- Action item: Wherever the line that contains "Mediate alarms from microwave radios to SNMP" falls, repeat it and the lines after it exactly until the records end, without any pictures.
Top of Material shown
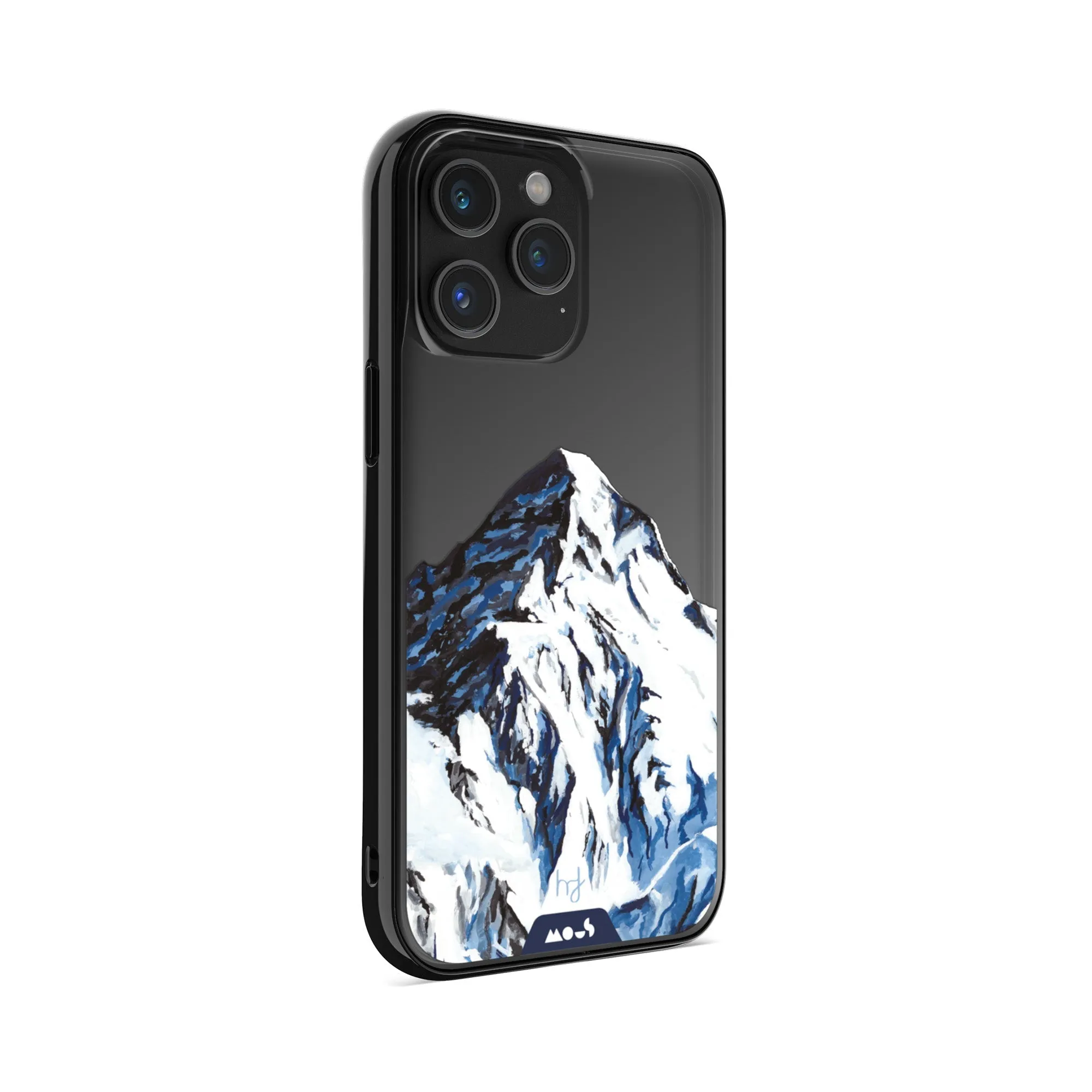 Henry Fraser K2 Printed Phone Case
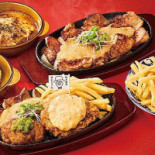Gift Tokyo L All Day Dining Dōng Má Bù Comida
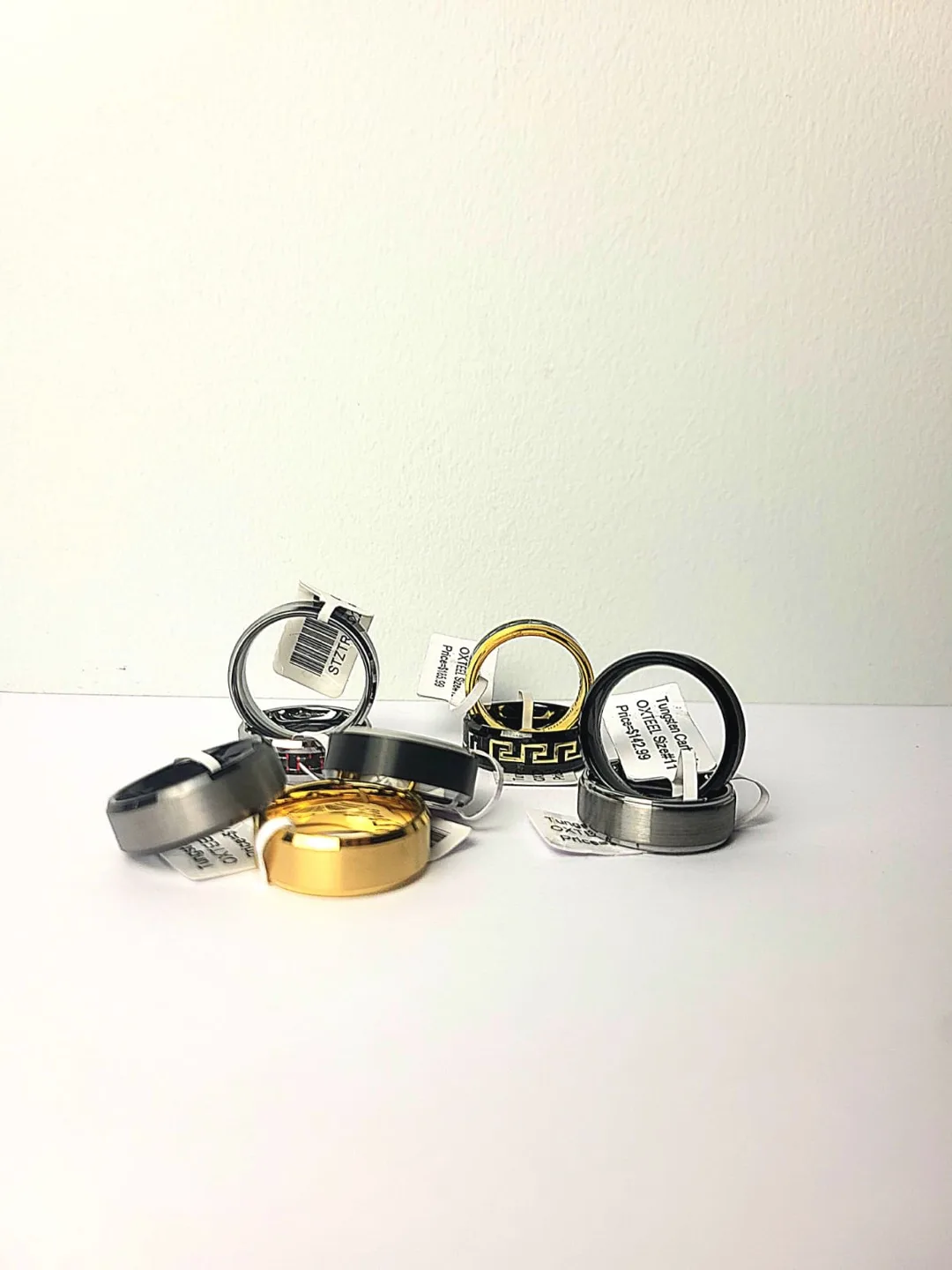 Rings image indicator(2)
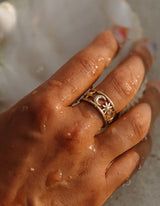 g r stella ring 2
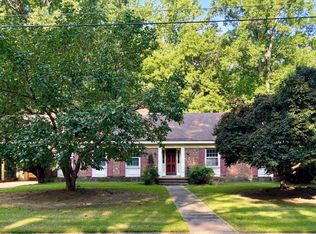 1919 Canal Drive NW, Wilson, NC 27896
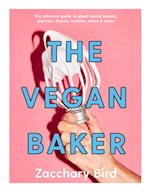 The Vegan Baker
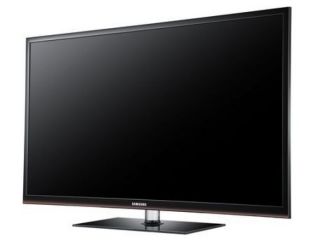 Samsung PS 43E490B1WXZG 3D Plasma Fernseher DE EEK B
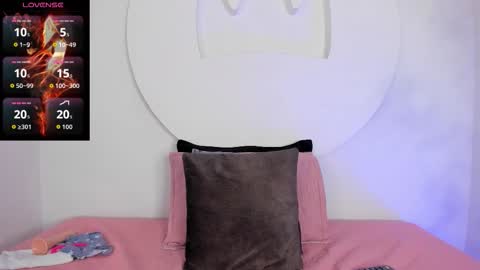 Amber online show from March 2026 12:12:02 PM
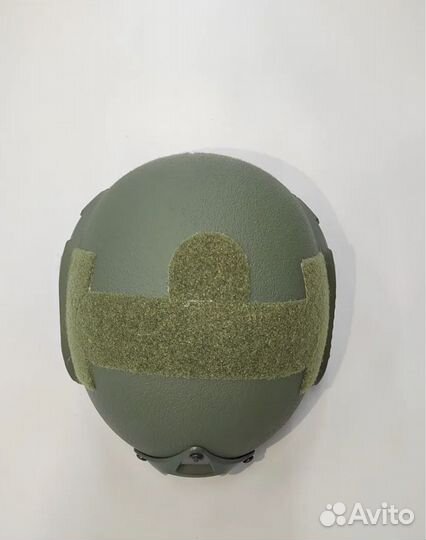 Баллистический шлем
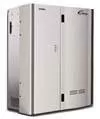 Mediate alarms from microwave radios to SNMP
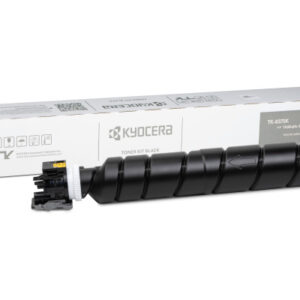 KYOCERA   Toner-Modul            schwarz TK-8375K  TASKalfa 3554ci  30'000 Seiten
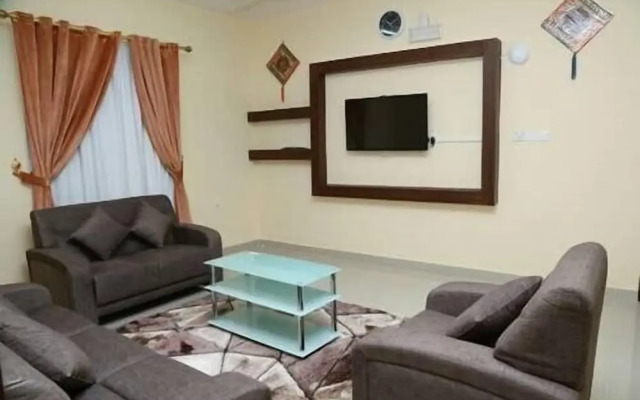 Golden Seasons Furnished Apartments 4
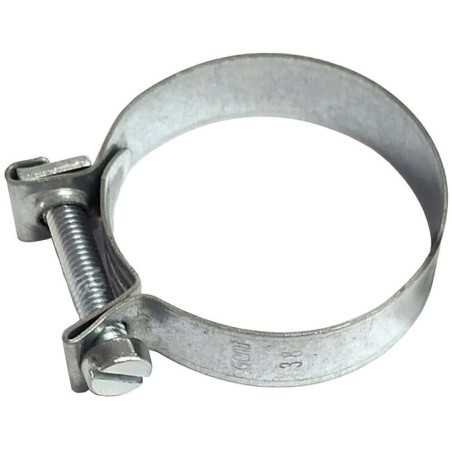 Stihl hose clamp 97710212640 | NewgardenParts.com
Bottom of Material shown
- Your response:
 Mediate alarms from microwave radios to SNMP
 KYOCERA   Toner-Modul            schwarz TK-8375K  TASKalfa 3554ci  30'000 Seiten
 Golden Seasons Furnished Apartments 4
 Stihl hose clamp 97710212640 | NewgardenParts.com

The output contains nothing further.